Consumer confidence dropped to an unprecedented low in early May, while mortgage rates climbed to 6.46% last month. The Iran conflict contributed to rising oil costs and Treasury yields, adding strain to a housing market already burdened by high property values.

Lowe’s stock declined approximately 2% during premarket hours Wednesday. The company’s shares have dropped over 9% year-to-date.

According to eMarketer analyst Zak Stambor, home retailers like Lowe’s face reduced renovation demand due to historically low housing turnover rates. However, the maintained projections suggest confidence that professional contractor strength can balance weaker do-it-yourself performance.

Data from the National Association of Realtors this month revealed properties remain on the market longer compared to the same timeframe last year.

Similar to Home Depot, Lowe’s surpassed first-quarter revenue projections due to consistent professional customer demand.
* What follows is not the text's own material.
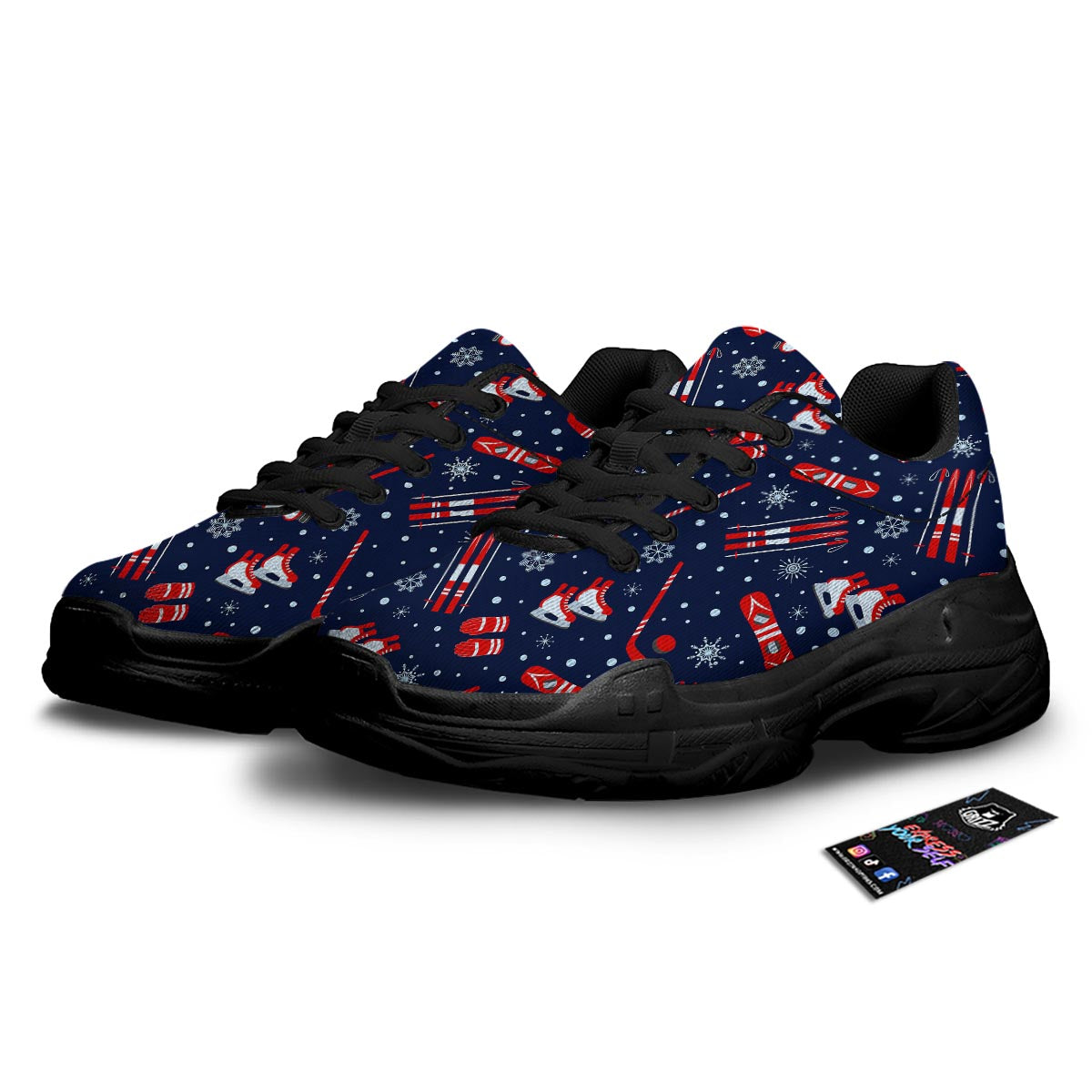 Skiing Equipment Print Pattern Black Chunky Shoes-grizzshop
The retailer has focused investments on its professional segment, which serves small and medium contractors, carpenters and builders through expanded product selections and job-site delivery options.

CEO Marvin Ellison stated, “Strong spring execution and continued momentum in Pro, Appliances, Online, and Home Services supported a solid start to the year …”

For fiscal 2026, the company anticipates comparable sales ranging from flat to a 2% increase, with adjusted earnings projected between $12.25 and $12.75.

First-quarter revenue reached $23.08 billion, exceeding analyst predictions of $22.97 billion based on LSEG data.

Store visits increased roughly 2% during the first quarter, according to analytics firm Placer.ai.

The company reported quarterly adjusted earnings of $3.03 per share and recorded $96 million in pre-tax costs from recent purchases of Foundation Building Materials and Artisan Design Group. Analysts had projected adjusted earnings of $2.97 per share.